PROBLEM STATEMENT:
Everything in the listing should be set down exactly, apart from the pictures.
-=-=-=-=-
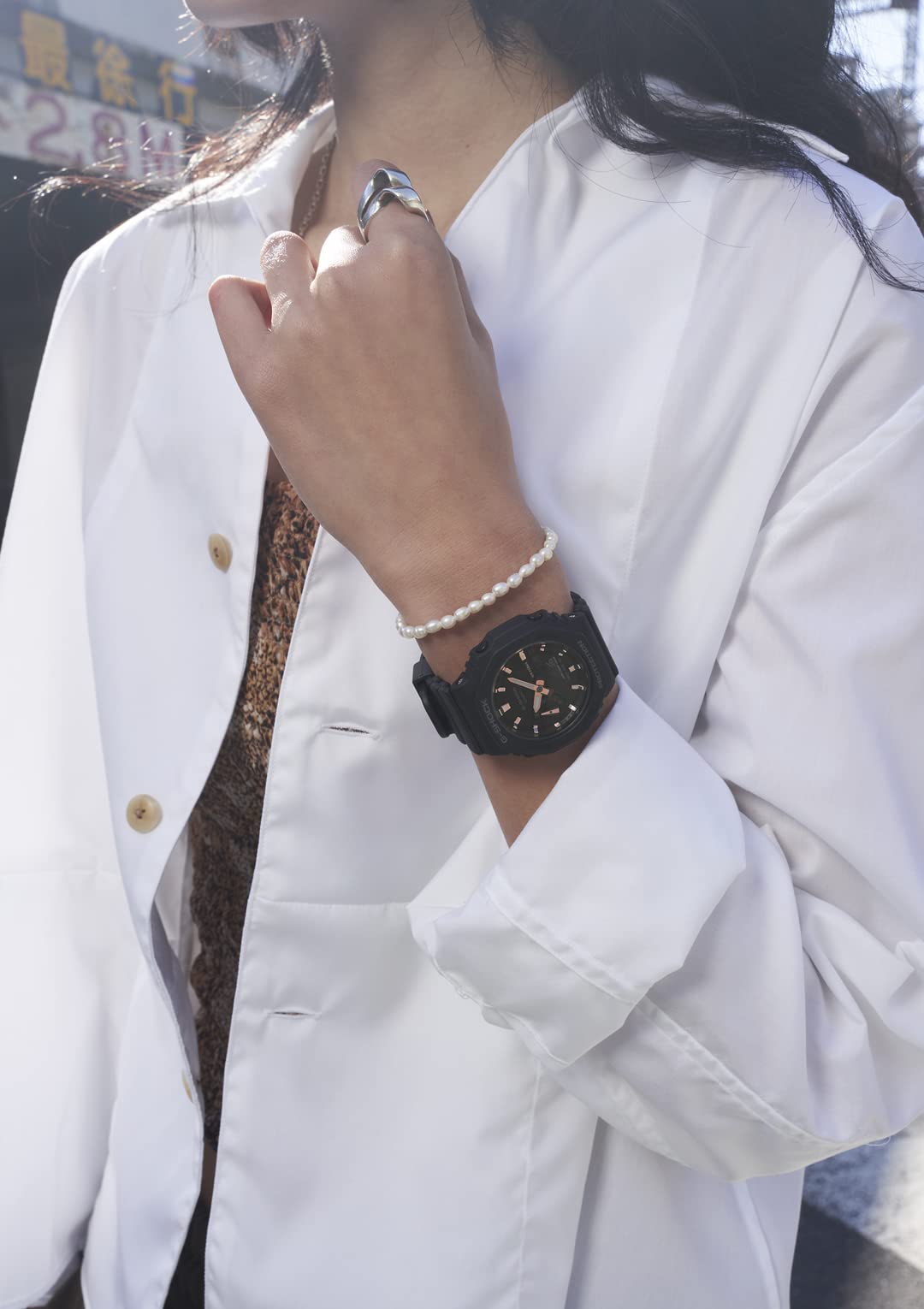 [カシオ] 腕時計 ジーショック 【国内正規品】ミッドサイズモデル GMA-S2100-1AJF ユニセックス大人 ブラック - BanzaiHobby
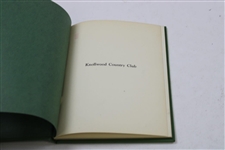 1928 'Knollwood Country Club' Year Book - Constitution, By-Laws, Officers & List of Members
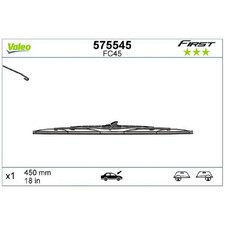 Scheibenwischer vorne links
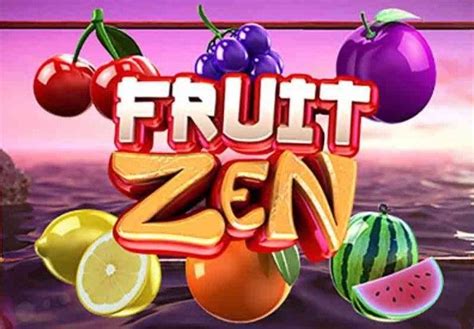  Machine à sous Fruit Zen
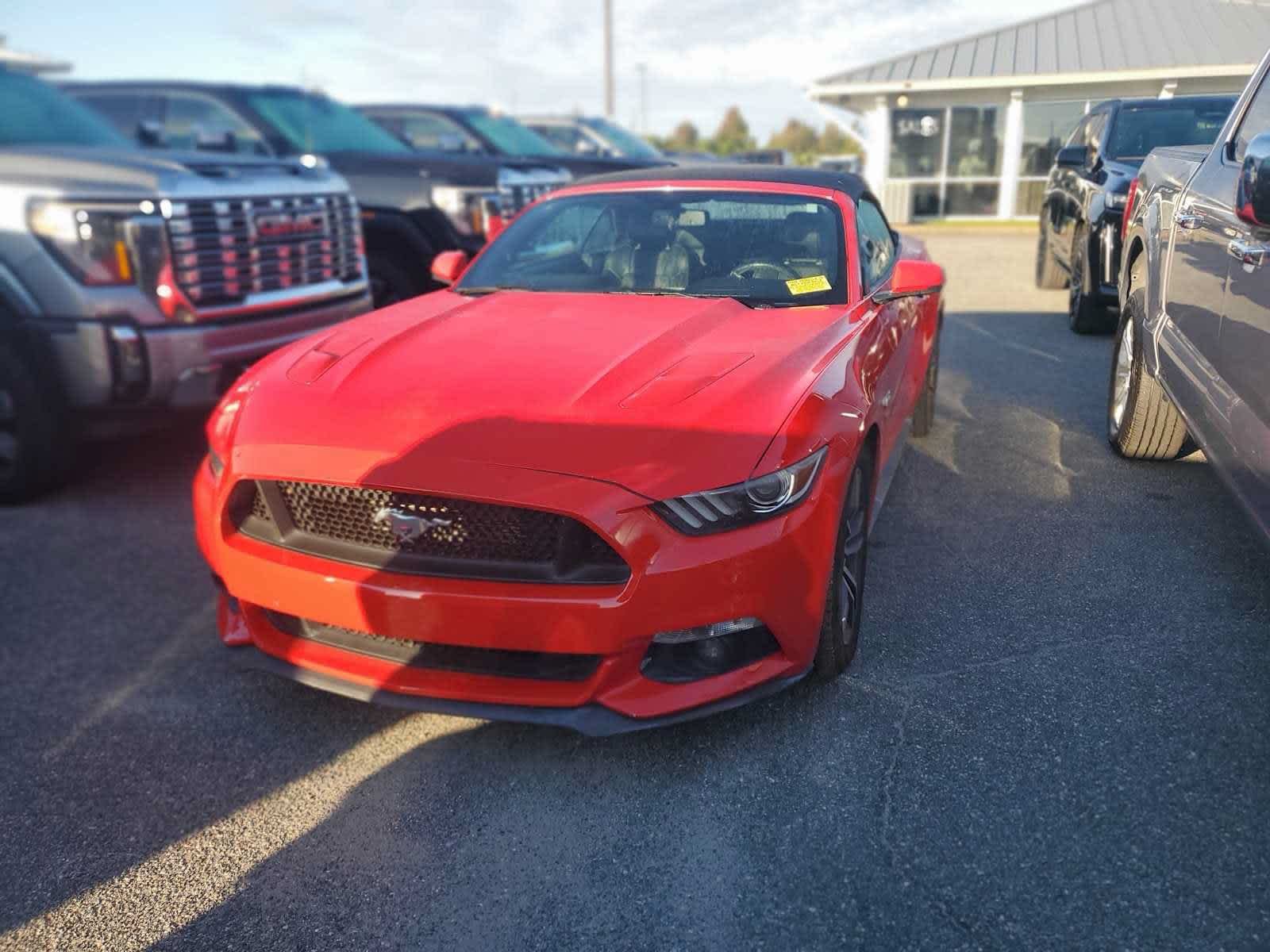 2017 Ford Mustang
-=-=-=-=-
TASK RESULT:
 [カシオ] 腕時計 ジーショック 【国内正規品】ミッドサイズモデル GMA-S2100-1AJF ユニセックス大人 ブラック - BanzaiHobby
 1928 'Knollwood Country Club' Year Book - Constitution, By-Laws, Officers & List of Members
 Scheibenwischer vorne links
  Machine à sous Fruit Zen
 2017 Ford Mustang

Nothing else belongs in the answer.